Little-Bitty Hard Disk Drives
Smaller than a half dollar and only $200 per 20MB, Hewlett-Packard's Lilliputian hard drives beat flash memory by a factor of 3 in its dollar-per-megabyte-of-storage ratio. It may not be as flashy, but it will no doubt do what flash memory was supposed to do. The company plans to put these supersmall hard disk drives on PCMCIA cards. This miniaturization leads to an interesting situation. Imagine a 20MB hard card no larger (and perhaps smaller) than the MasterCard you'll use to pay for it.
NT Promises
When the PC came out in 1981, IBM built it with off-the-shelf parts and published all the specifications so that anyone could write software or hardware that worked with the machine. Despite smug posturing by Apple, a company so hubristic that it placed snide ads in the Wall Street Journal "welcoming" IBM to the market, IBM instantly achieved world personal computer domination.
In 1987, IBM displayed its intelligence and foresight by building on that success with the Micro Channel machines, which were hardware incompatible with the PC, and OS/2, which was incompatible with DOS.
Despite the warm embrace of a supportive, receptive high-tech community (NOT!), this farsighted ideal collapsed in a few months, and OS/2 and the Micro Channel are still trying to extract themselves from the chaos.
Microsoft gazed upon the carnage and learned. The result was Windows NT. It's everything Windows and OS/2 and UNIX and OS/360 were supposed to be, yet it's still pretty compatible with its predecessors. Microsoft has done an incredibly good job aiding developers in the transition, so its debut will be accompanied by literally thousands of compatible applications.
Windows NT will cost under $500, but hold onto your hat--you'll need at least 12 megabytes of RAM and 100 megabytes free on your hard disk to make good use of it. But boy, will it network.

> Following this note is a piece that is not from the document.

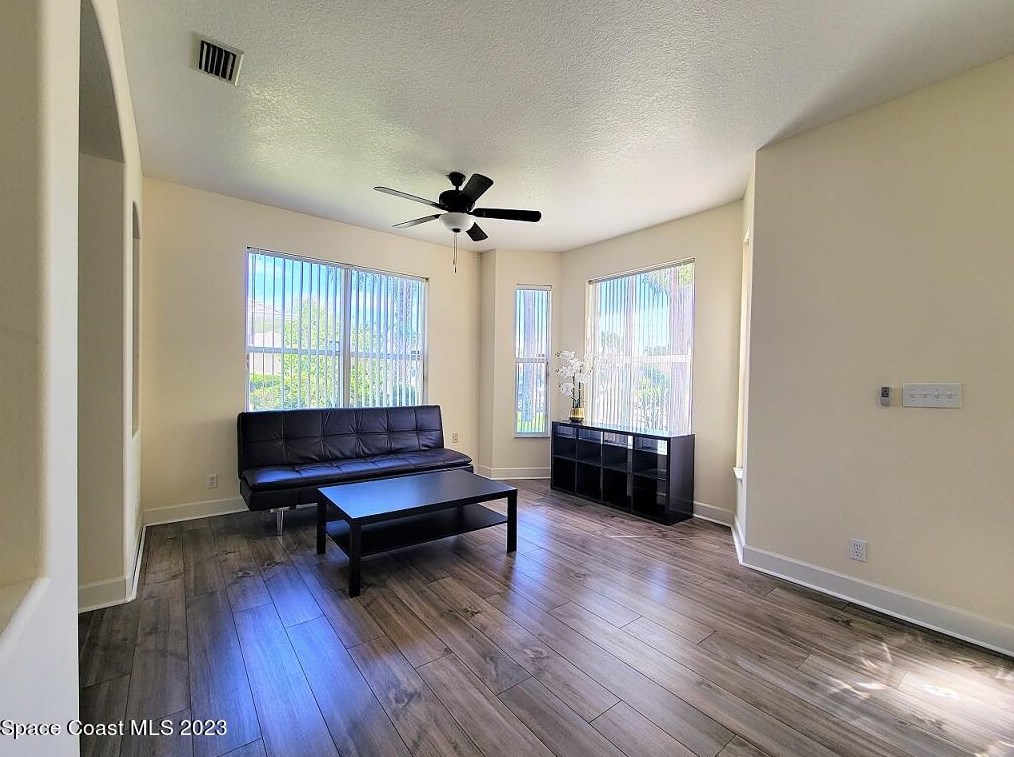 239 Corona Ave, Cocoa Beach, FL 32931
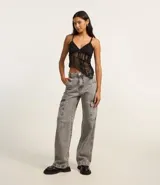 Pantalón de jean gris con bolsillos cargo laterales, corte recto y cintura alta.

Speaking of networking, Microsoft has thrown down the gauntlet to makers of network operating systems in the form of Windows for Work Groups, a special version of Windows specifically intended for networking.
Days of Future Past
Whenever people are faced with revolutionary change, they wonder, "What will happen next?" Personal computers seem to be in a state of perpetual revolution. Faster, smaller, and easier seem to be the only sure predictions for the future.
What is coming is a computer that is faster and more powerful, with greater storage and more ease-of-use features. Sound familiar? It should. It's no wild speculation to say that tomorrow's computer will be faster and easier to use.
The predictions made for wizards, Windows NT, the local bus, and the rest represent an ideal toward which the computer industry has been striving since its inception.